Qing Li [Tue, 20 Oct 2009 21:27:03 +0000 (21:27 +0000)]
The flow-table function flowtable_route_flush() may be called
during system initialization time. Since the flow-table is
designed to maintain per CPU flow cache, the existing code
did not check whether "smp_started" is true before calling
sched_bind() and sched_unbind(), which triggers a page fault.
Andrew Gallatin [Tue, 20 Oct 2009 18:58:28 +0000 (18:58 +0000)]
Make mxge do a better job recovering from NIC h/w faults
by checking PCI config space when the NIC is not
transmitting. Previously, a h/w fault would not have been
detected if the NIC was down, or handling an RX only
workload.
Qing Li [Tue, 20 Oct 2009 17:55:42 +0000 (17:55 +0000)]

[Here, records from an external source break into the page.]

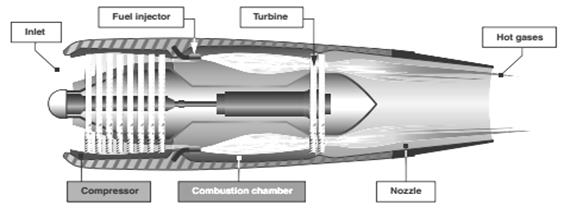 Exercise13 . Do your projects or reports about types of turbine engines using the information below. - student2.ru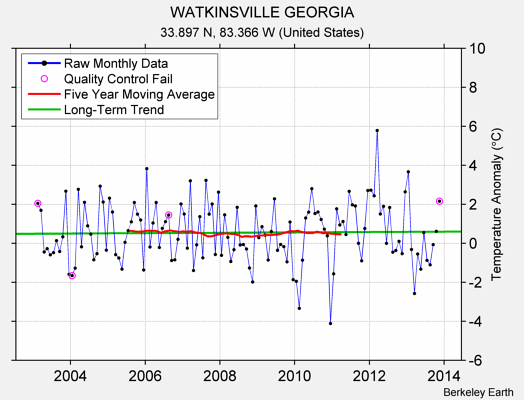 WATKINSVILLE GEORGIA Raw Mean Temperature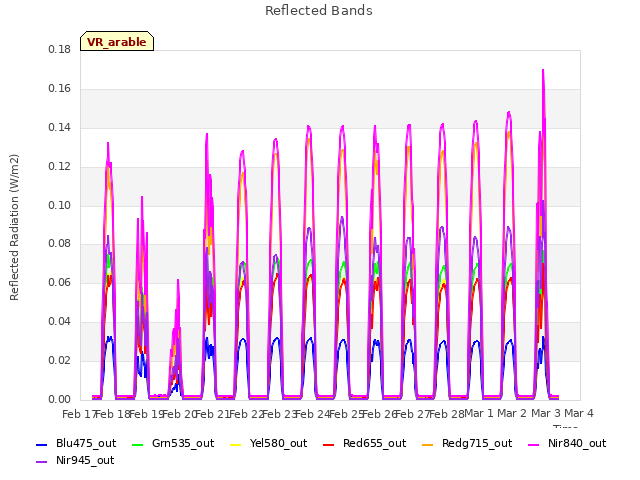 plot of Reflected Bands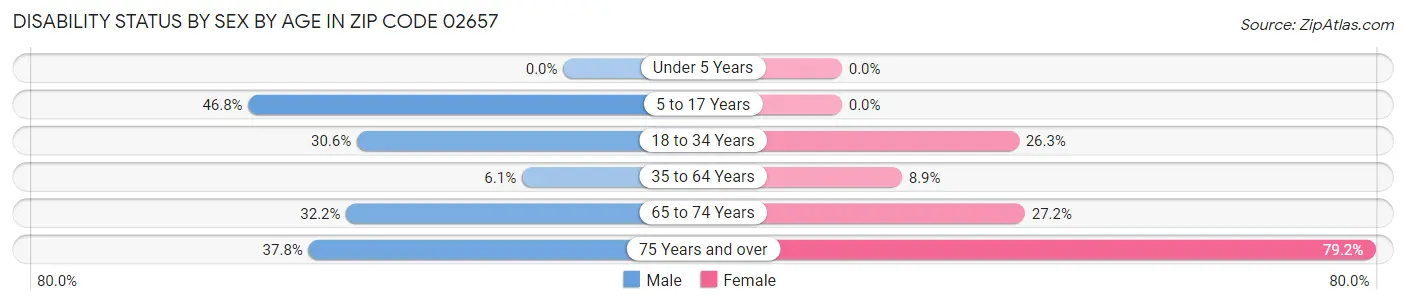 Disability Status by Sex by Age in Zip Code 02657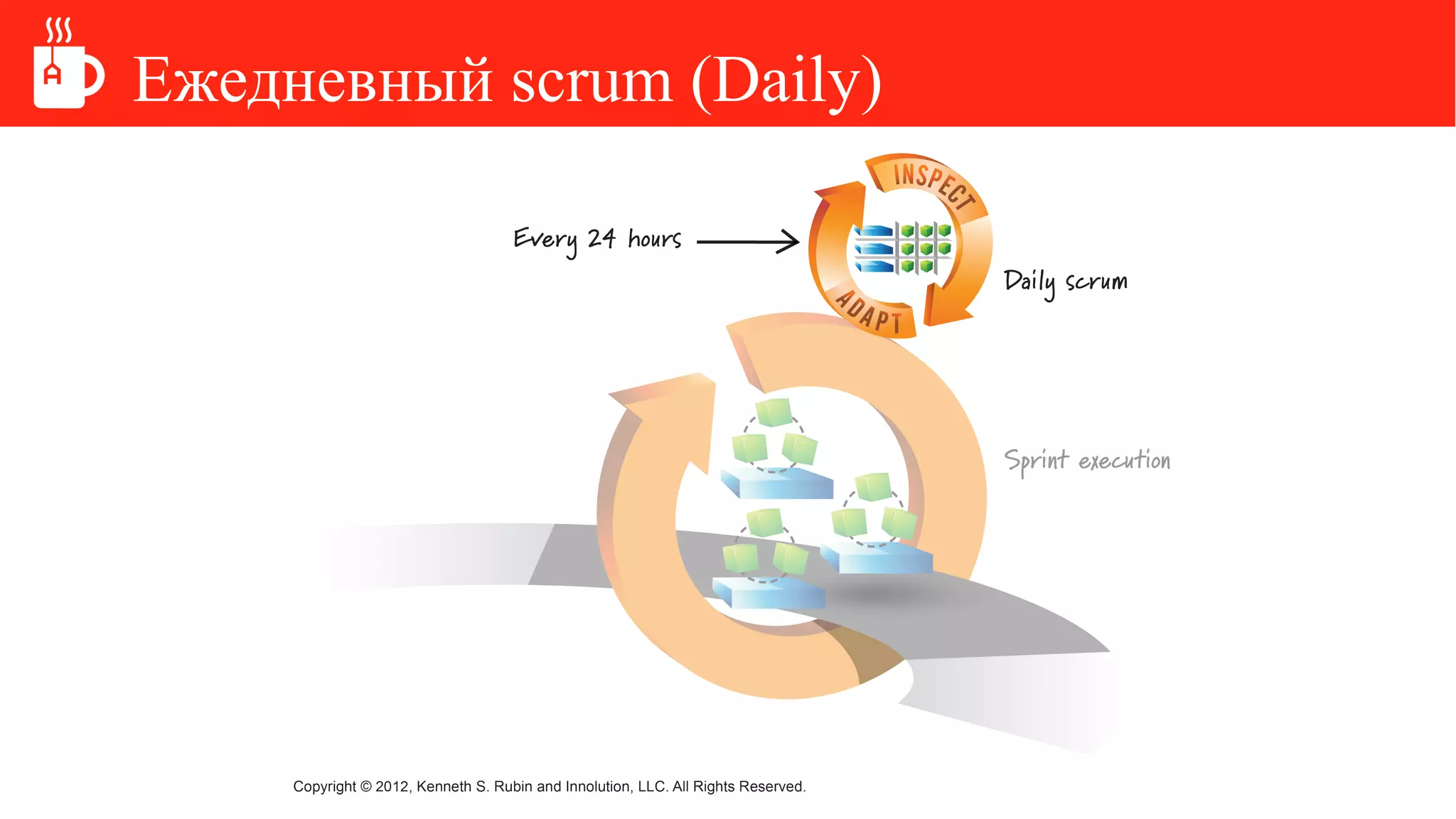 Ежедневный scrum (Daily)
 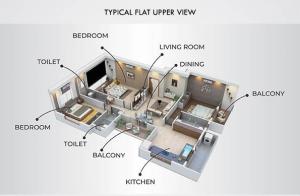 Guruniwas Residency - Floor plan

In the ARP callout timer expiration function, the current time_second
is compared against the entry expiration time value (that was set based
on time_second) to check if the current time is larger than the set
expiration time. Due to the +/- timer granularity value, the comparison
returns false, causing the alternative code to be executed. The
alternative code path freed the memory without removing that entry
from the table list, causing a use-after-free bug.
Ruslan Ermilov [Tue, 20 Oct 2009 16:36:51 +0000 (16:36 +0000)]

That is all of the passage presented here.